Ireland has gone back to its roots – literally.

The Irish Seed Savers Association, a nonprofit organization located in Scarriff, Co. Clare, wants to get its hands dirty to replenish a sense of Irish heritage. The work they do promotes biodiversity and the importance of preserving what natural Irish heritage they can find through soil.

Since 1991 Irish Seed Savers has prioritized biodiversity by collecting and preserving different Irish varieties of heritage vegetables, fruits, flowers, herbs and Irish apple trees. Although many Irish and European varieties of vegetable have been lost, Irish Seed Savers hopes to cultivate many of the remaining types to save them from extinction.

The founder of Irish Seed Savers, Anita Hayes, started to collect and grow Irish heritage crops that seemed to be fast disappearing. Now the organization is Ireland’s only seed bank, boasting 800 heritage varieties of seeds, at a time when 80 percent of Irish and European heritage fruit and vegetable varieties have already been lost.

Modern farming practices have contributed to the decline in cultural variety. The hope is that the public’s rising interest in growing their own foods will lead to awareness of the threat to heritage varieties. Seeds that have been saved from extinction and preserved are made available for customers to purchase online so that the country can grow rich in heritage varieties again.

The organization has expanded past Irish-only heritage vegetables and is now striving to preserve heritage varieties from all over the world that are best suited to Ireland’s climate. Their focus is to cultivate and foster biodiversity.

All of Irish Seed Savers’ income comes from sponsors who donate funds by subscribing to a membership or attend fundraising events. It is a charity that relies on the generosity of others, and the hope that passion for their cause is contagious. Every year one percent of the organization’s income goes to help other organizations with similar environmental goals in Ireland and around the world.

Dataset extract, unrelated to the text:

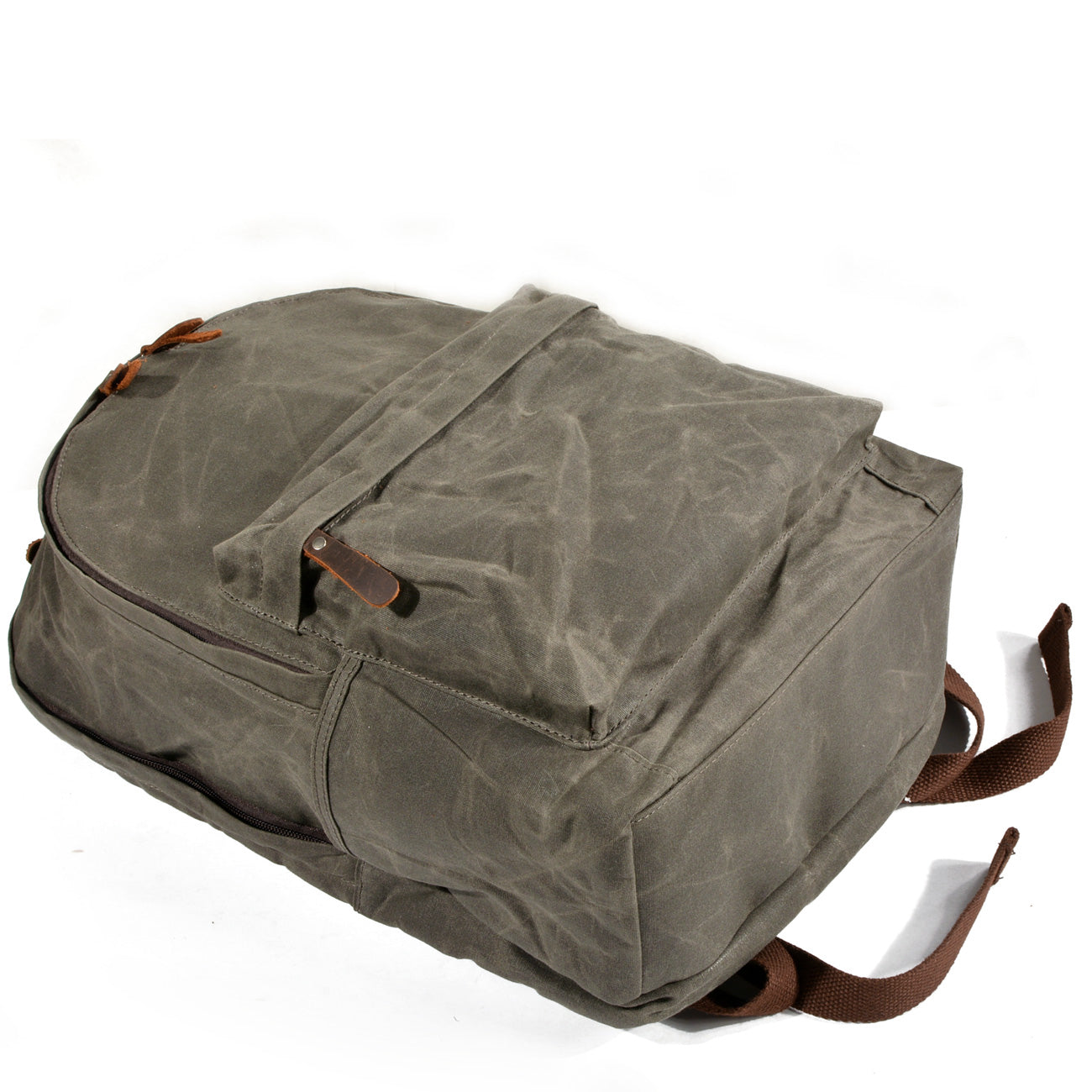 Vintage Canvas Backpack | TUCSON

Their facility currently preserves, stores and distributes seeds of 800 heritage vegetable varieties, 48 heritage grain varieties, a heritage potato collection of over 50 varieties, and maintains over 140 different varieties of native apple in their orchards. On the Scarriff site alone, they house the largest collection of self-rooting varieties of apple tree in the world.

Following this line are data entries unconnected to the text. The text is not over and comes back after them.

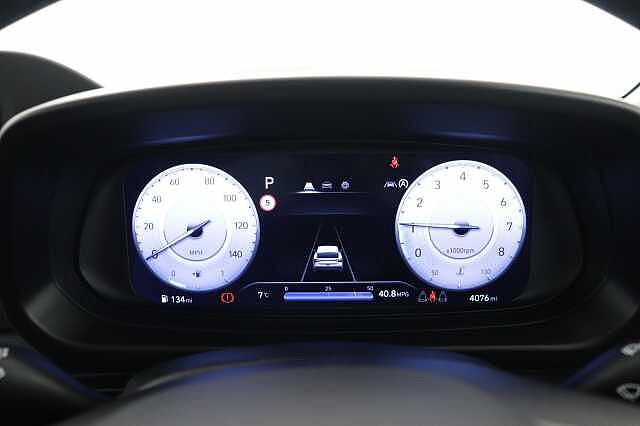 Hyundai i20 1.0T GDi Advance 5dr DCT Hatchback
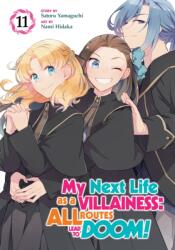 My Next Life as a Villainess: All Routes Lead to Doom! (ISBN: 9798895616987)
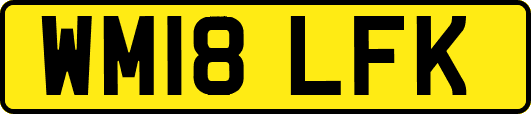 WM18LFK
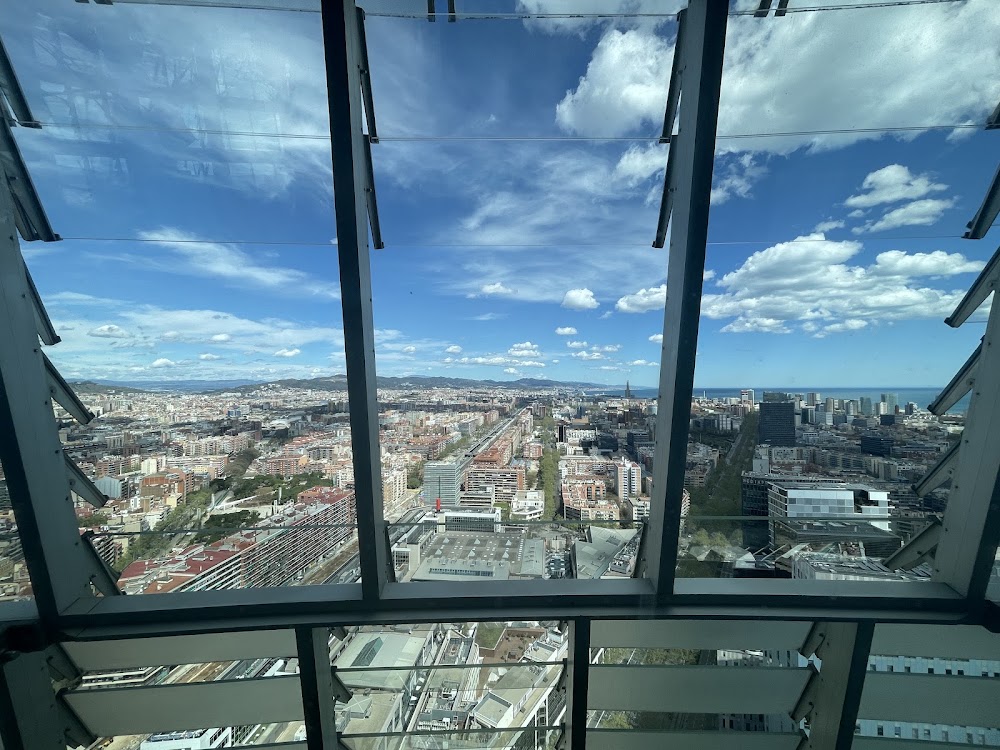 Mirador Torre Glòries photo 2
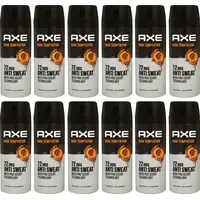 Axe Dark Temptation Bodyspray 12 x 150 ml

All of their varieties are grown organically on site. The ethos of the Irish Seed Savers project is sustainability and working with nature to preserve. In this sense, keeping the heritage vegetables all natural and chemical free is extremely important.

Visitors are welcome to explore 20 acres of working seed gardens, walk through heritage orchards and experience native woodlands.

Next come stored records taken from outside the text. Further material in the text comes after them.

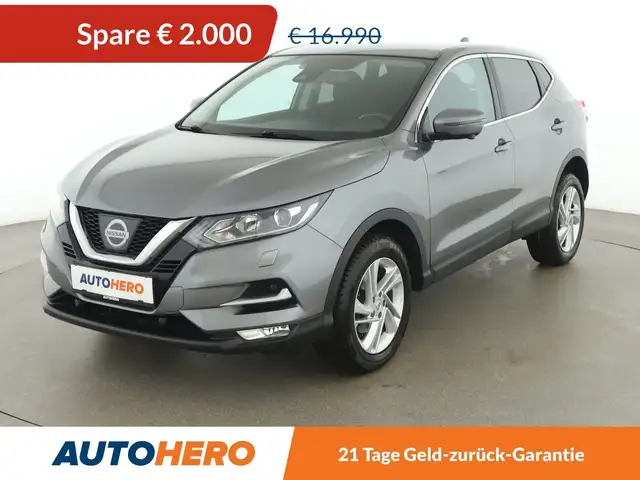 Nissan Qashqai 1.6 N-Connecta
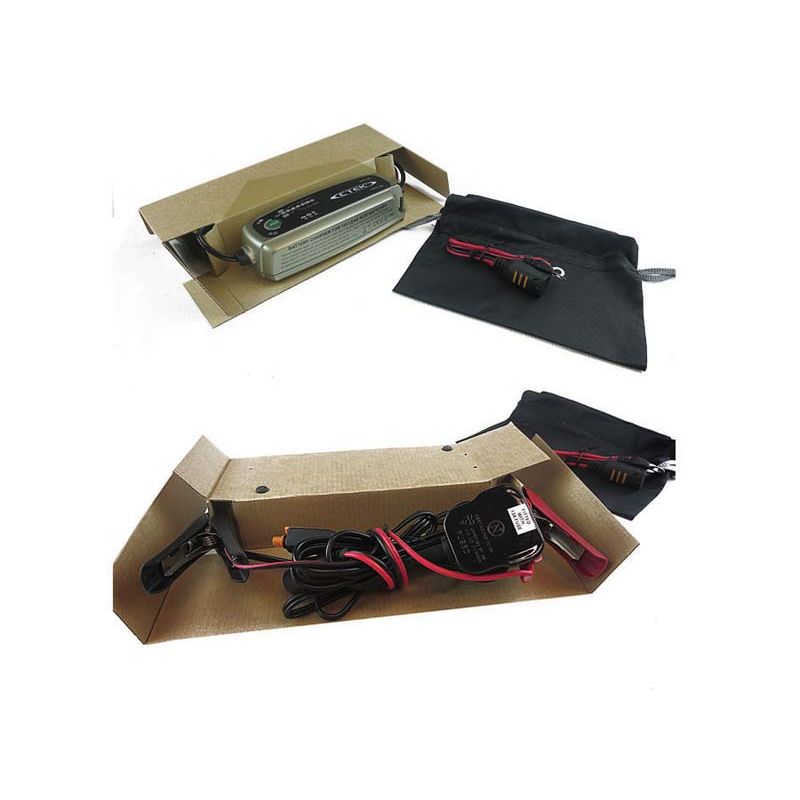 BATTERY CHARGER/CONDITIONER (12 VOLT):  ALL MODELS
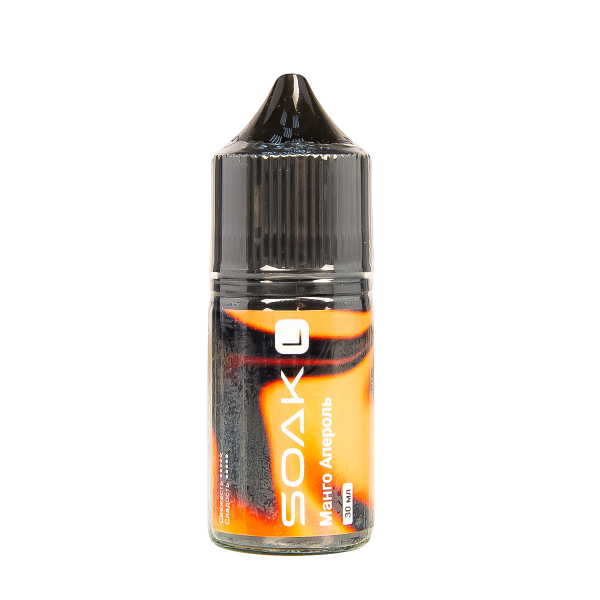 Жидкость Soak L30 Mango Aperol 30 Мл 2 Мг в Ханты-Мансийске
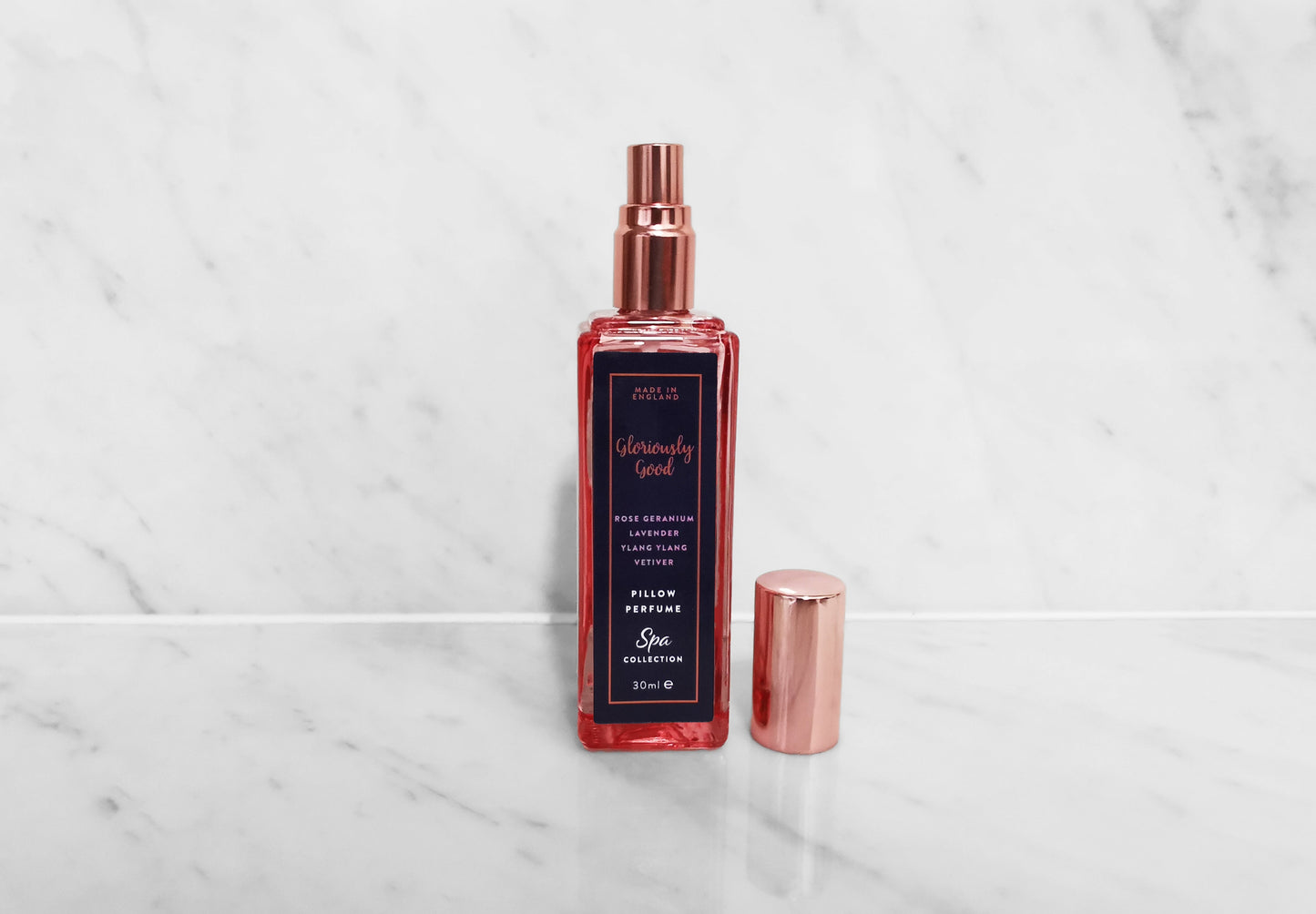 Pillow Perfume Mist Gift Set Spa Collection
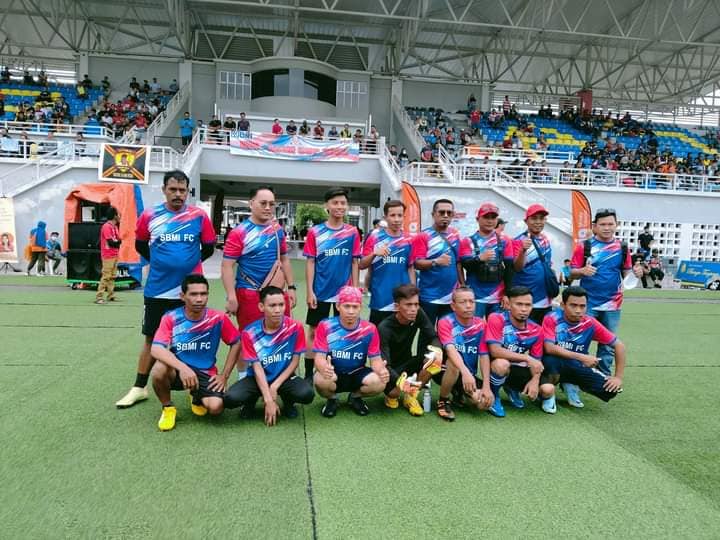 Klub Sepak Bola SBMI Malaysia Ikut Meriahkan 'BRI-ASIM CUP 2022' di Negeri Jiran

Environmental education is a top priority in the organization. Tours and community groups are given the opportunity to learn about the rich history found in the fruit of Irish soil by visiting the facilities and exploring the grounds.

Teams from the Irish Seed Savers go to schools and give demonstrations to children on the importance of biodiversity and the preservation of the earth. A new seed bank facility opened in 2012 allows visitors to view the processing of 800 varieties of seeds.

Through supporters and subscribers a new educational facility was built which houses various workshops focused on environmental education. The classes may vary from lessons in organic farming, the dos and don’ts of bee keeping, cheese making and how to start your own orchard.

The goal of Irish Seed Savers is to preserve a part of Irish culture. Americans looking to connect can visit and become involved by subscribing to a unique experience of contributing to a living legacy.